§ WORK TO BE COMPLETED:
Give the listing again word for word. Leave every image out.

§ DATASET SECTION:
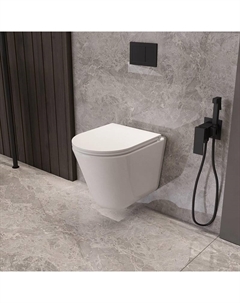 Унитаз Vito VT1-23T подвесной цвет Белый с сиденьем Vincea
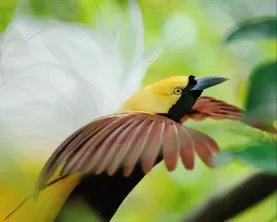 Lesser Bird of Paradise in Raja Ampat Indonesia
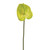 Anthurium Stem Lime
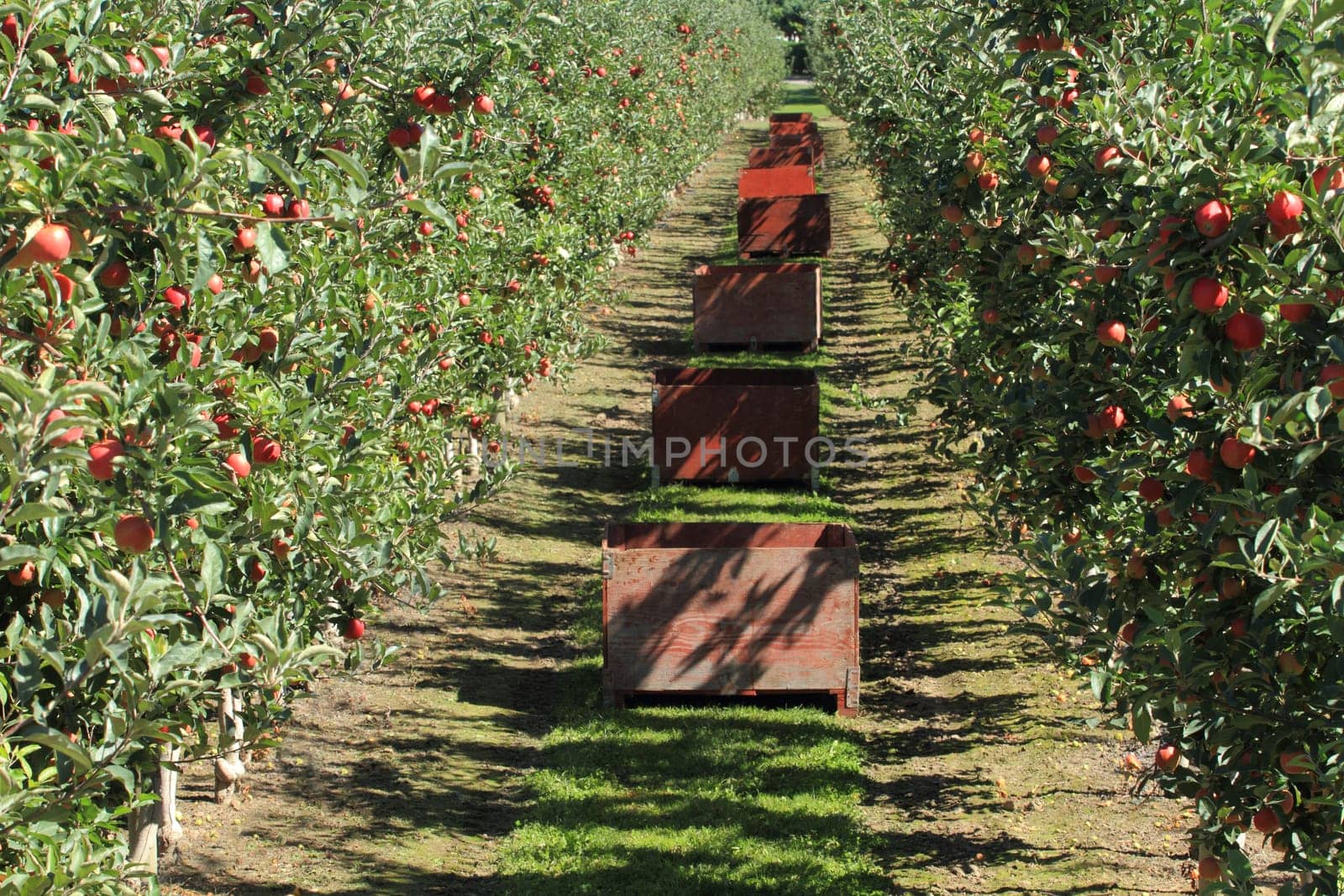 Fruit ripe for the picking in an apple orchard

§ SOLUTION FOR THIS PROBLEM:
 Унитаз Vito VT1-23T подвесной цвет Белый с сиденьем Vincea
 Lesser Bird of Paradise in Raja Ampat Indonesia
 Anthurium Stem Lime
 Fruit ripe for the picking in an apple orchard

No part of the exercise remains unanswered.